Today, the tallit is a proud symbol of Jewish spirituality. It is worn at all morning services and at Kol Nidre, the eve before Yom Kippur. Traditionally, it is worn during the day so that one may be able to see the fringes. The custom for wearing the prayer shawl on Kol Nidre originated with the idea that all Jews, rich or poor were equal before God on the eve of the Day of Atonement and when dressed with a tallit, all were uniform. The tallit is often kissed reverently during a portion of the service Jews call The Shema, the statement of Jewish faith that God is one. During the passage from Numbers that mention the fringes, they are gathered together and lightly kissed in devotion. The tallit and its fringes are also used when a person is called up to the Torah to make the blessing before the reading. This act is called an alliyah, from the Hebrew word meaning “to go up”. Here the worshipper takes a corner of the tallit, touches it to the portion being read, and then kisses the fringes. This shows devotion to the Torah and its precepts.

When the tallit is first put on, many Jews raise it over their heads as a kind of tent or shelter before beginning prayer.
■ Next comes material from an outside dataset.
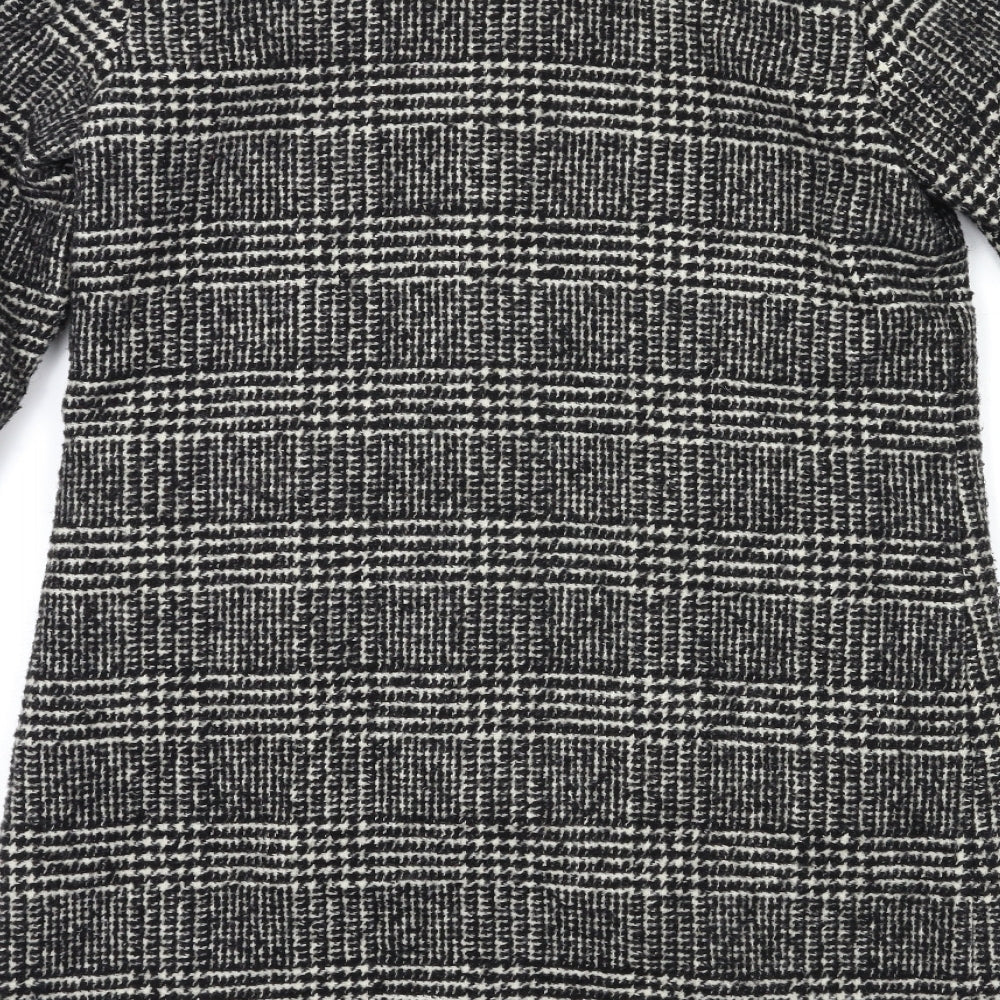H&M Womens Black Check Overcoat Coat Size 8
This beautiful act of spirituality symbolizes the Shekhinah, or presence of God. In this case, the tallit acts as a kind of tent of protection for the worshipper. Keeping this concept in mind, in my Reconstructionist congregation, we drape the tallit over our neighbors’ heads so that we are all under God’s tent of peace during a portion we call the Blessing of Peace. In more traditional synagogues, it is called the Priestly Blessing, when in the time of the Temple in Jerusalem; the priests would bless the people.

A tallit can also be used as a chuppah or wedding canopy. In this case, the shawl is held aloft by four poles attached to each of the sides. The bride and groom stand under this canopy while the wedding officiant makes the traditional seven wedding blessings. In keeping with this wedding concept, the same idea is applied when a new Torah is dedicated in a congregation. The community is symbolically “wedded” to the Torah in a commitment of love and devotion. In 2010, I stood under such a canopy when our congregation dedicated our Torah.

A tallit can be found in many lengths and sizes from one especially for the thirteen-year-old bar/bat mitzvah to oversized ones for taller men. The fabrics can range from silk, wool or permitted synthetics but cannot contain shatnetz, a forbidden mixture of wool and linen. (See “Wearing a Kosher Suit” in October 5 edition of the South Marion Citizen) The designs are varied but popular themes are cityscapes of Jerusalem, Jewish stars, Lions of Judah and the matriarchs and patriarchs. While the traditional colors consist of black or blue stripes along the bottom, modern tallitot come in a variety of hues, some mimicking Joseph’s coat of many colors. Many people design their own tallit reflecting their individual needs and symbolism. While traditionally worn only by men, in liberal branches of Judaism, women have taken on this mitzvah (commandment) and have used it as a vehicle for self-expression.

The important parts of the tallit are the fringes. This is what I call Jewish macramé. This series of proscribed knots is attached to all four corners of the tallit. There are eight strands of yarn or string used to make the fringes, called tzizit. The letters in Hebrew for this word add up to 600, since letters in Hebrew also stand for numbers such as in Roman notation. If you add the 600 and the 8 strands and 5 knots, which are made in each corner, we have 613, which are the number of commandments in the Torah.

Since the tallit is considered holy, worn tallitot are buried with respect in a Jewish cemetery. And at the end of life, some Jews elect to be buried in their tallit, thus wrapping the soul in spirituality on its way back to the creator.